Content starts

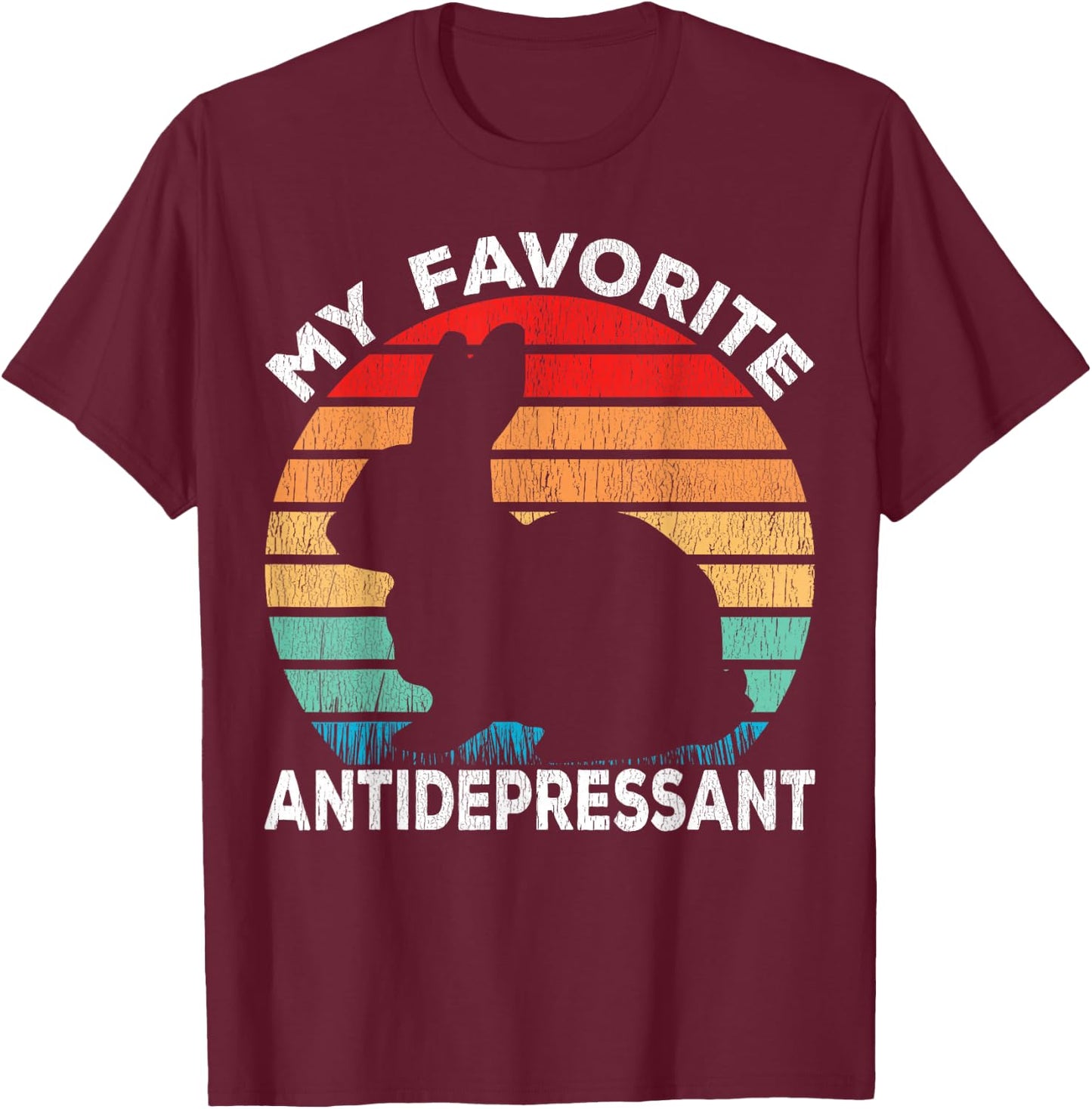 Bunny Antidepressant - Bunny Lover Funny T-Shirt - T-Shirt | Maroon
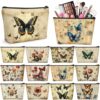 Sweetude 12 Pcs Vintage Butterfly Makeup Bag Bulk Retro Butterfly Flower Travel Cosmetic Bag with Zipper Waterproof Roomy Travel Toiletry Organizer Storage Pouch for Women Butterflies Lover Gift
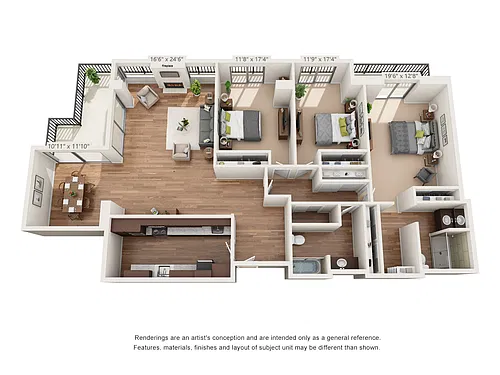 Floor plan Penthouse-Three Bedroom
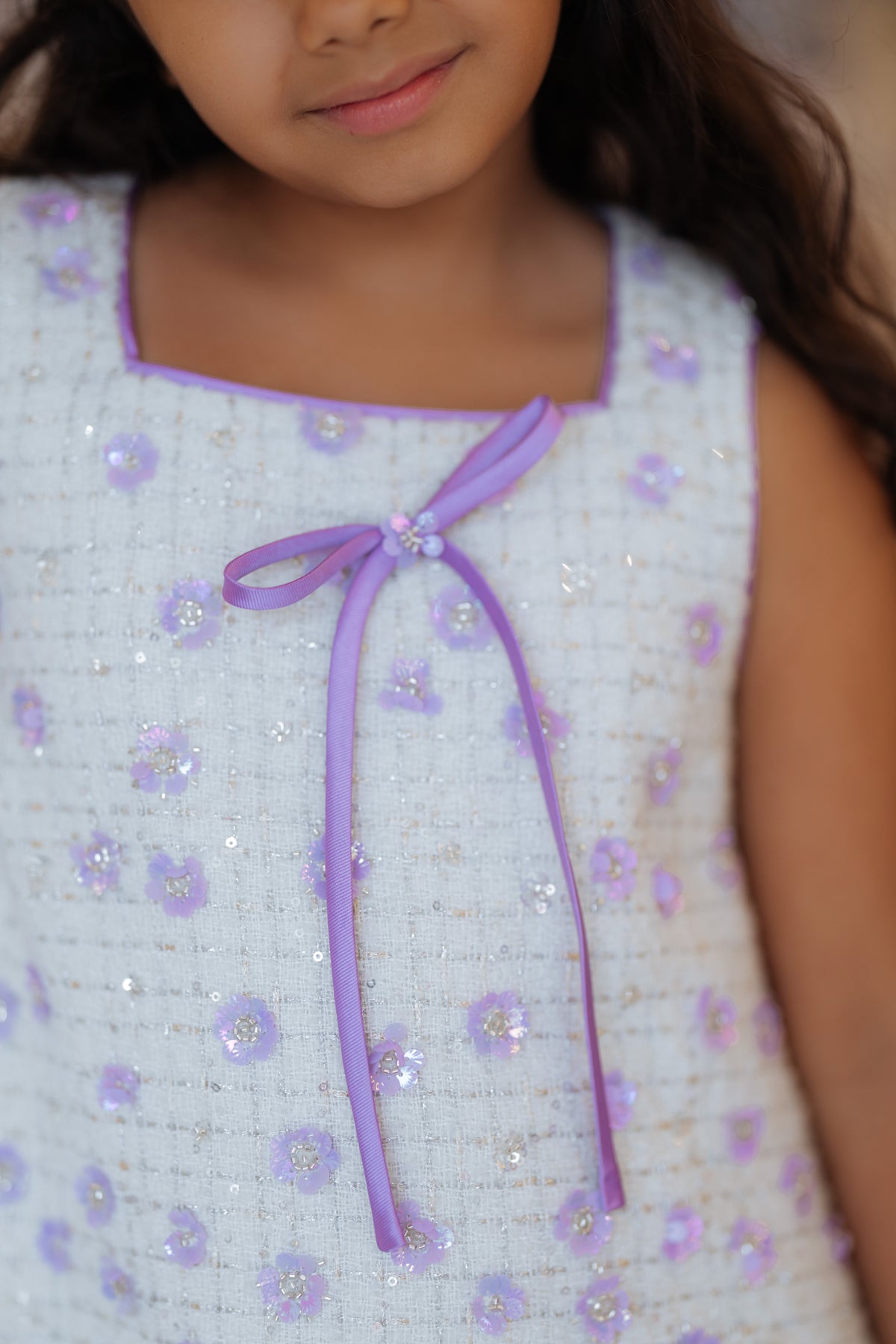 White Bouclé Tweed Dress with Lavender Flowers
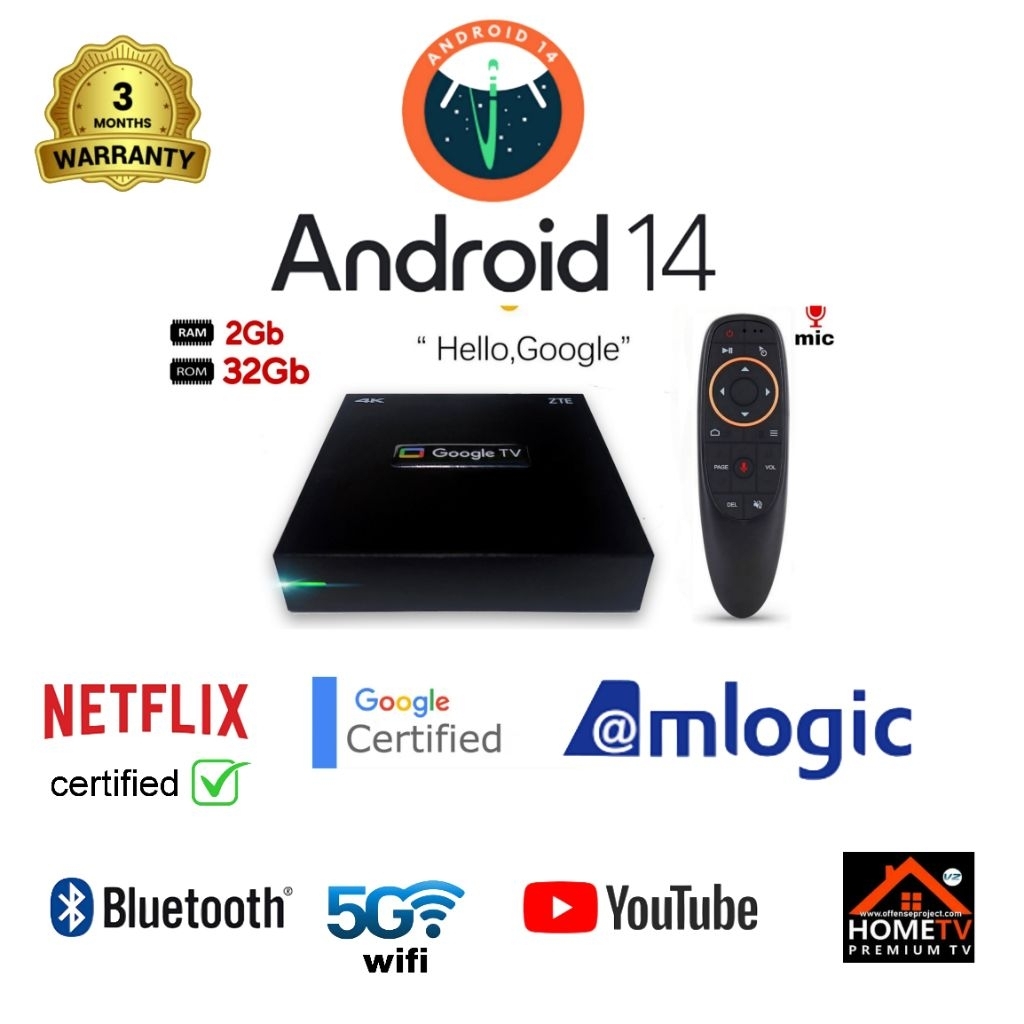 Stb Android tv box G00gle TV ram 2/32Gb Android 14 siap pakai root unlock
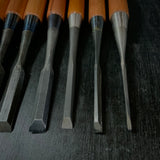 #M162  Mixed set for beginner Bench chisels set by unknown smith バラ鑿合わせ 初心者におすすめ 追入組鑿作者不明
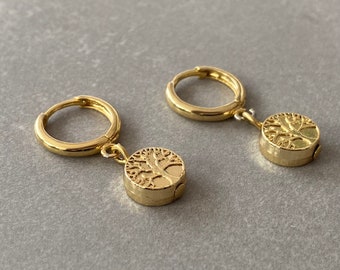 Small Tree of Life Earrings Gold Minimal Tree Earring 14k Gold Filled Huggie Hoop Earring Family Tree Hoop Earrings Gift for Daughter&Mother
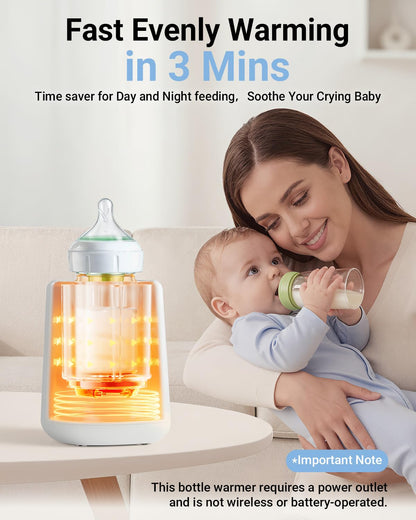 Bear Baby Bottle Warmer, Milk Warmer Breastmilk Bag Formula Fast Warming for New Born Baby Bottles, with Time Temp Control Automatic Shut Off at Home Use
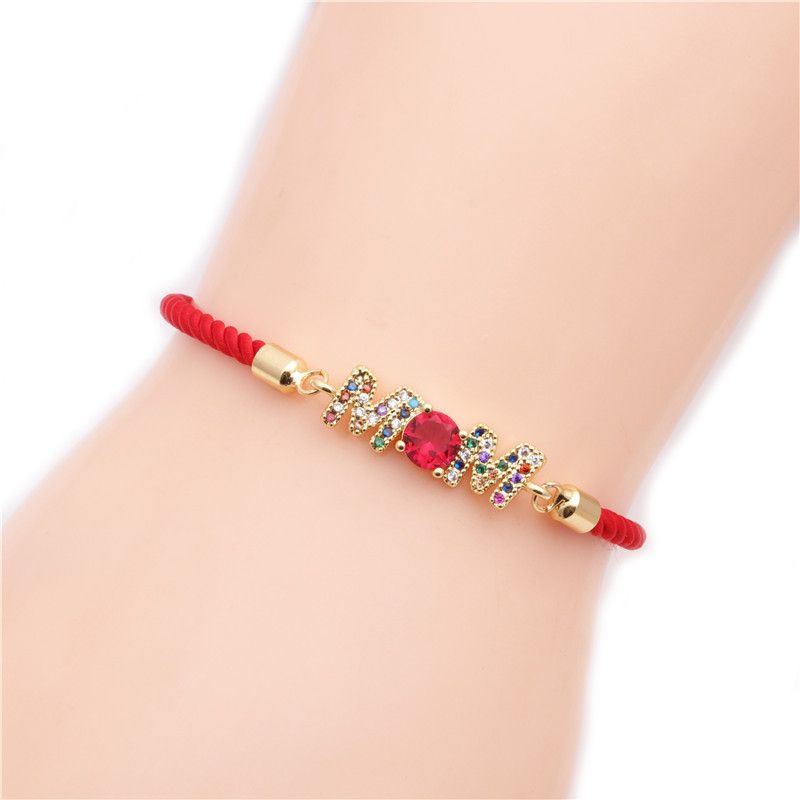 Wholesale Simple Red String Copper Inlaid Zircon Adjustable Bracelet Nihaojewelry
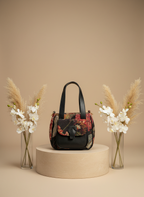 Black Floral Embroidered Handbag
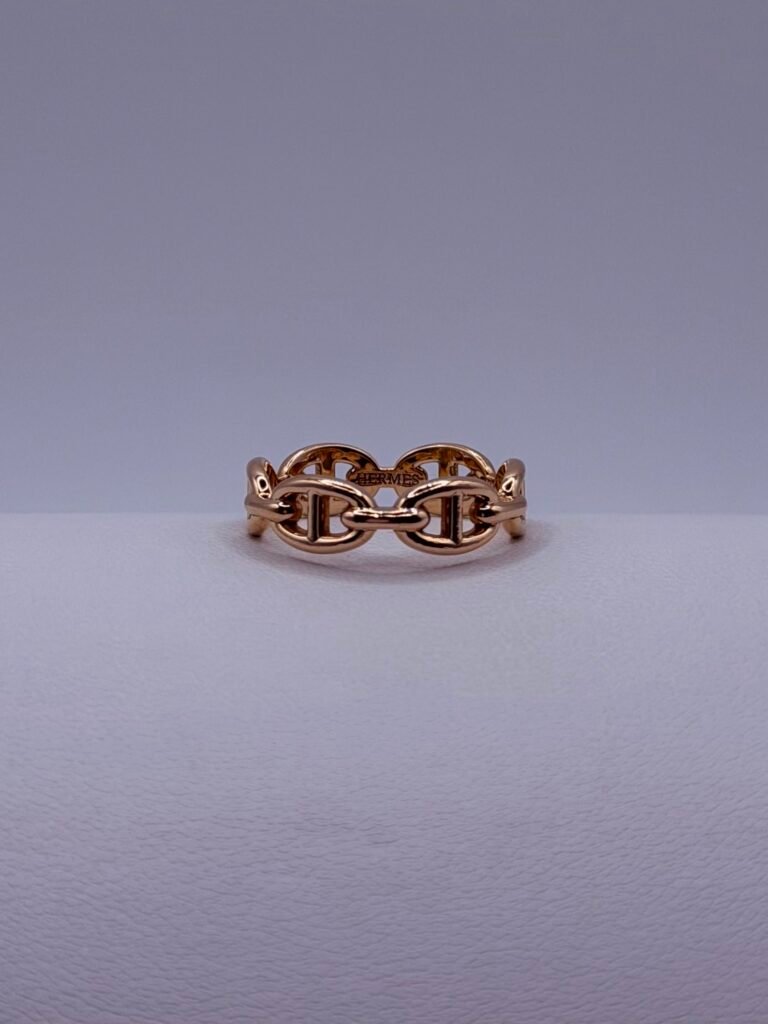 Authentic Hermes Chaine D'Ancre Enchaine Ring 18K Gold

Content ends

**What to do:**
Repeat exactly and only the lines from the one holding "Wholesale Simple Red" through the final line of the entries; no pictures.

**Solution for this problem:**
 Wholesale Simple Red String Copper Inlaid Zircon Adjustable Bracelet Nihaojewelry
 Black Floral Embroidered Handbag
 Authentic Hermes Chaine D'Ancre Enchaine Ring 18K Gold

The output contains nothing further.